December 15, 1996|By Jeff Miller | Jeff Miller,SPECIAL TO THE SUN

"Tourists are like Christopher Columbus," Peter Swan said with a smile. "When they leave home, they don't know where they're going; when they get there, they don't know where they are; and when they get home, they don't know where they've been."

As a guide for White Mountain Adventures, he was leading our group of ice walkers through snow-filled Johnston Canyon between Banff and Lake Louise in Canada's Alberta province. While we enjoyed his humor, it was his understanding of the outdoors that we really appreciated.

As he led us along the bottom of the canyon and across catwalks, he pointed out numerous things we never would have seen ourselves -- from animal tracks to delicate ice crystals clinging to gray canyon walls; from geological time in multicolored rock sediment to towering waterfalls frozen on the outside while flowing on the inside.

Besides showing us how to see our surroundings in more depth, Swan was teaching us that during the winter, the Canadian Rockies offer much more than just downhill skiing thrills.

In the Calgary-Banff-Lake Louise area, nonskiers can discover an "Olympic" city, explore one of Canada's finest national parks, and experience two luxury resorts built in the days of railroad barons. Along the way is truly dramatic winter scenery, the easy canyon ice walk and four museums that give insight into the region's natural history and native cultures.

A good starting point for exploring the area is Calgary, made famous when it was host to the 1988 Winter Olympics. Today, with an updated international airport and 800,000 residents, it is the second largest city in Alberta and a popular gateway to the Rockies.

Sitting on the plains, nestled against the banks of the Bow River, Calgary's compact downtown of chrome and glass has mountains as its western backdrop.

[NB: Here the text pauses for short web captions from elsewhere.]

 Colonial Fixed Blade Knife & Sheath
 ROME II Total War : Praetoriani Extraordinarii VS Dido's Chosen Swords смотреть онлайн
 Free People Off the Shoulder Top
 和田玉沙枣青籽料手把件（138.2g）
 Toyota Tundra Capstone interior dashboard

With its open, airy feel, mountain/plains setting and friendly locals, Calgary reminds many of Denver.

Even in winter, the city is outdoors-conscious. When the sun is shining, residents fill the streets. Many stretch their legs at the Eau Claire Market and riverside walk, where a footbridge leads to the meandering paths of Prince's Island Park. Others window-shop on the pedestrian Stephens Avenue Mall. For those who want a bird's-eye view, the 630-foot-high Calgary Tower offers 360-degree views.

A definite stop for anyone visiting Calgary is the Glenbow Museum and Art Gallery. The founder, Eric Harvie, made a fortune during oil's heydays and used much of it to collect items from around the world. A man of broad interests -- and straightforward tongue -- he reportedly told his staff: "Go out and collect like a bunch of drunken sailors!" The result is a vast and fascinating museum that sprawls over four floors and includes everything from African drums to modern-day baseball caps, suits of armor to covered wagons.

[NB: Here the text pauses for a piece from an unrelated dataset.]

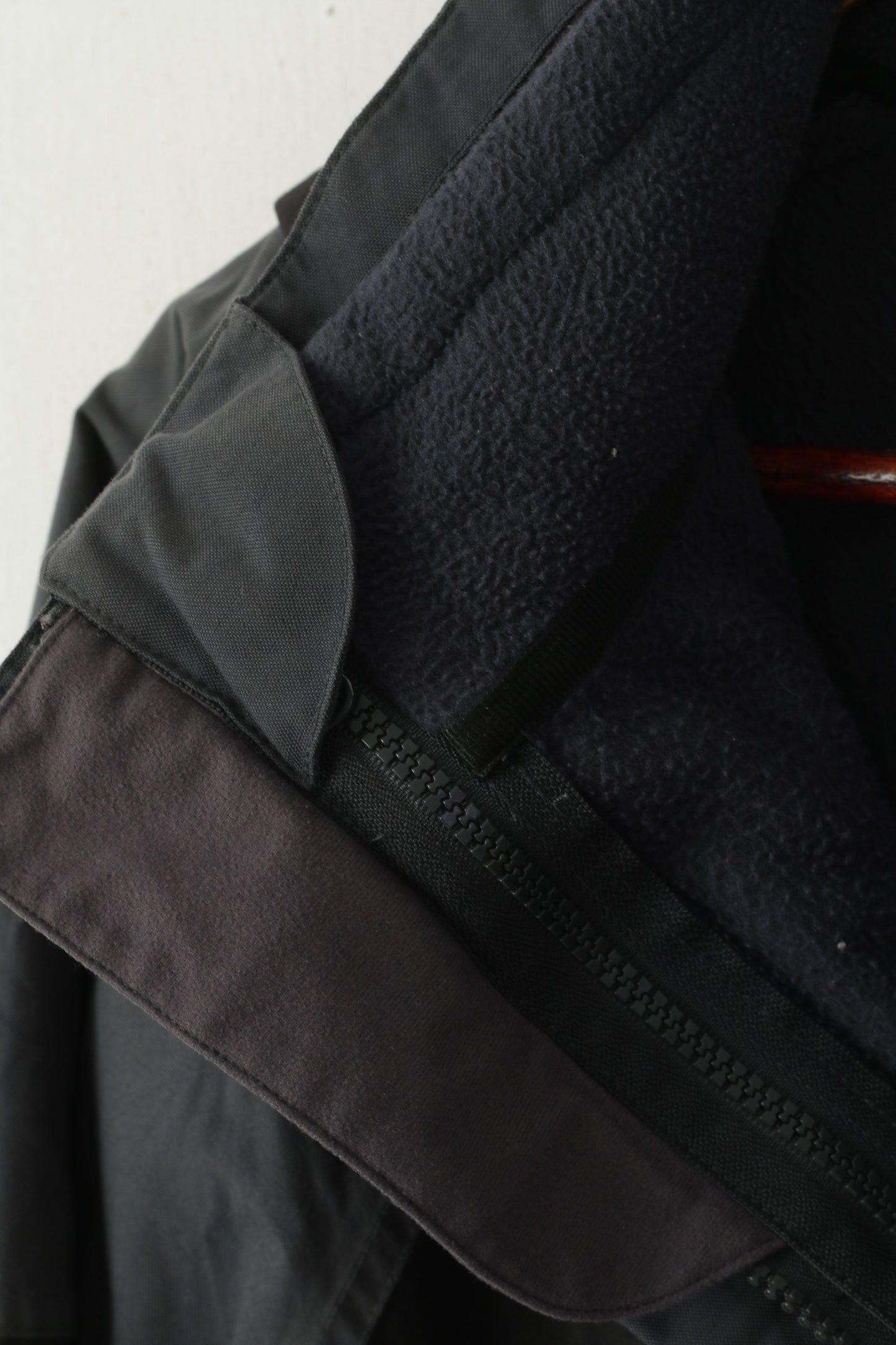 Sprayway Men M Jacket Grey 2w1 Removable Lining Fleece Full Zipper Hooded Outdoor Top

A First Nations Advisory Council helps the museum with its extensive First Nations collection (words like "Indian" and "tribe" are no longer used). Exhibits include a mid-1800s Blackfoot bison "story robe" that depicts battles and hunts through extensive drawings on the skin.

A two-story tepee from the same time shows how well-designed they were. A comb of buffalo hide reflects how each kill was used fully.

The original landscape

For thousands of years, members of the Blackfoot, Sarcee and Stoney nations roamed the region, from the plains to deep within the Rockies. To see the landscape as they saw it takes only a short drive from Calgary into Banff National Park, where much of the wilderness has been preserved.

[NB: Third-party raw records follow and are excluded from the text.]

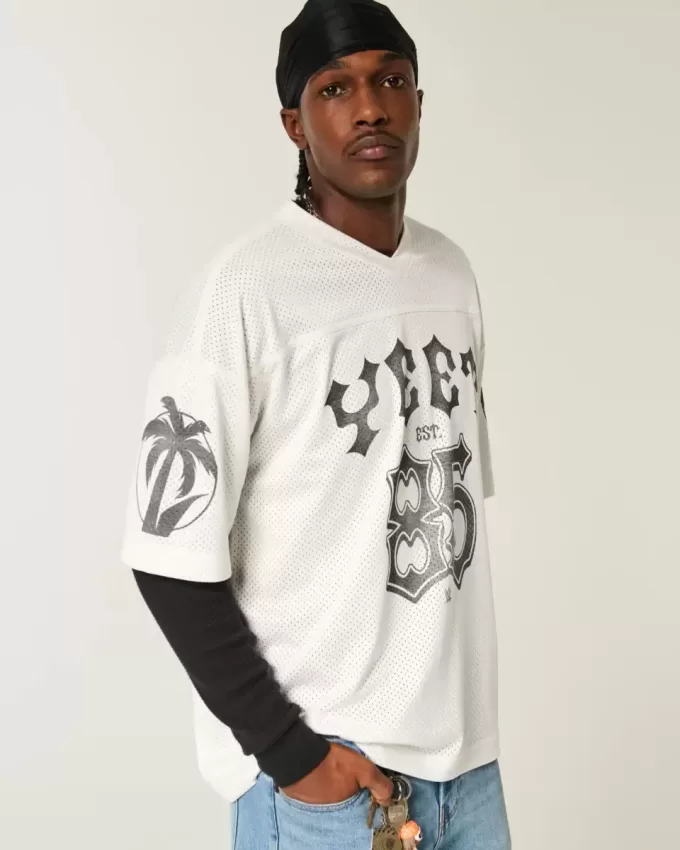 Baggy Jey Uso Yeet grafisk tröja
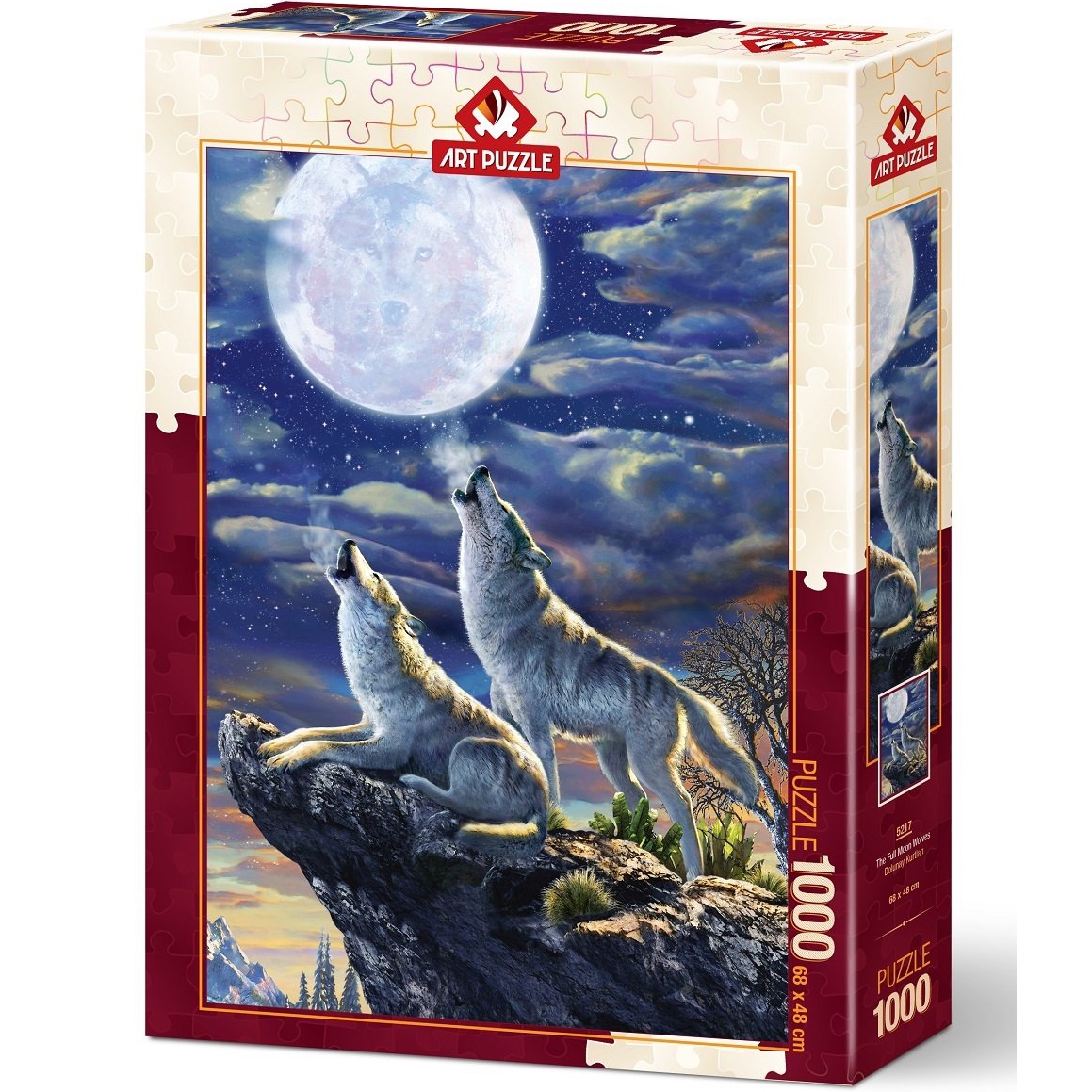 Full Moon Wolves – 1000 Teile Puzzle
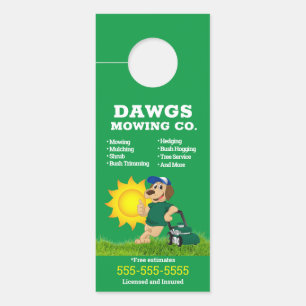 Green Lawn Service Door Hanger Türanhänger
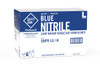 Gloves Small (SM) Blue Nitrile Powder-Free 1000/Case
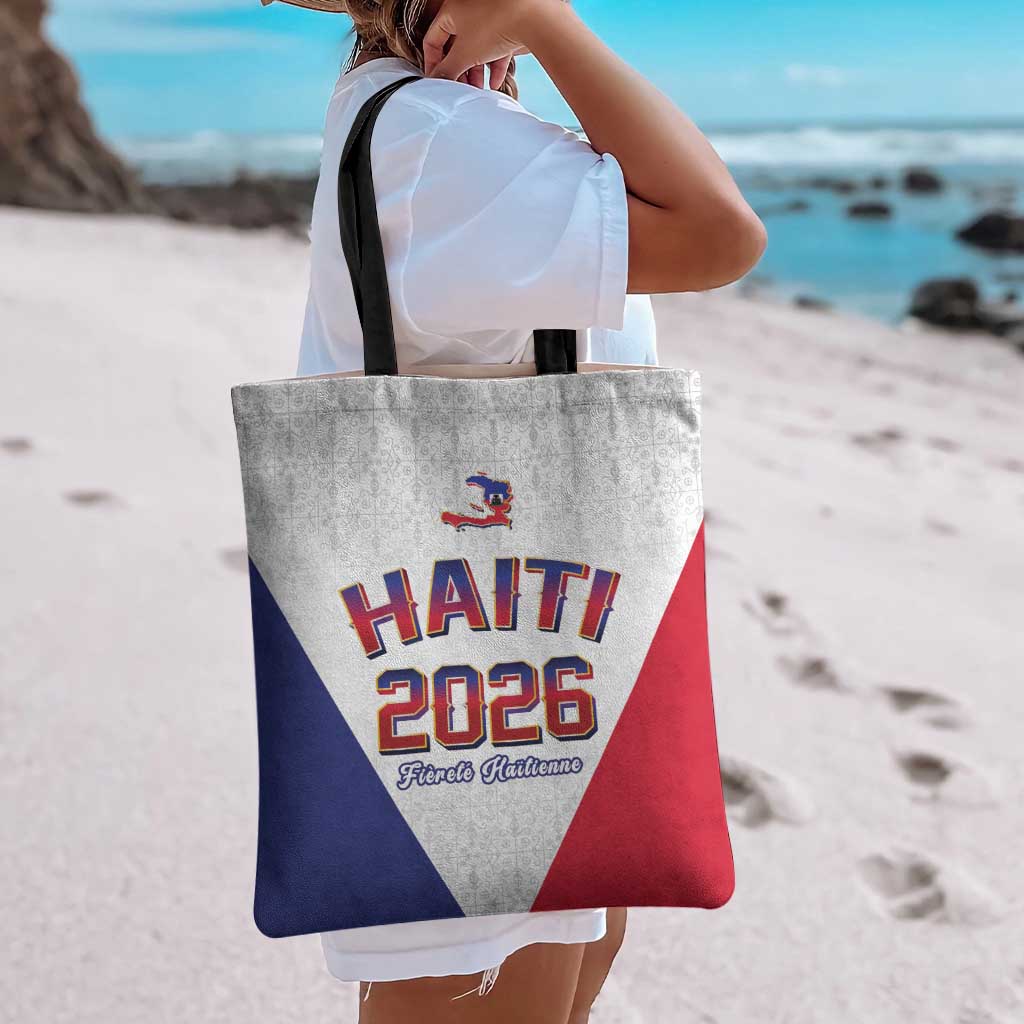 World Football Haiti 2026 Tote Bag Haiti est de Retour White Voodoo Veve Spirits - Wonder Print Shop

Banff National Park, established in 1885, was Canada's first national park and is today its most popular, attracting more than 3 million visitors a year. Covering 2,656 square miles, the park contains 25 peaks that soar higher than 9,900 feet. More than 750 miles of trails pass by glacial-cold lakes, natural hot springs, fast-moving rivers and peaceful valleys.

Towering above it all are huge saw-toothed mountains, skirted by alpine forests. The granite peaks look freshly cleaved as they rip jagged lines out of cobalt-blue skies. Lodgepole pines are etched against whipped-cream drifts. Clear mountain air adds a crispness and clarity to every scene.

Near the middle of the park, and only 75 miles northwest of Calgary, is the bustling resort town of Banff. On one end of its main street is towering Mount Rundle, and on the other a bridge over the Bow River. Tourist shops, cafes and eateries fill the two-story buildings that line the street.

For its small size, Banff has a surprising amount of interesting museums. Right on main street, a doorway marks the entrance to the free, privately owned Natural History Museum. Creative displays include a mining tunnel, dinosaur dig and an 8-foot-tall rendition of Sasquatch (Big Foot).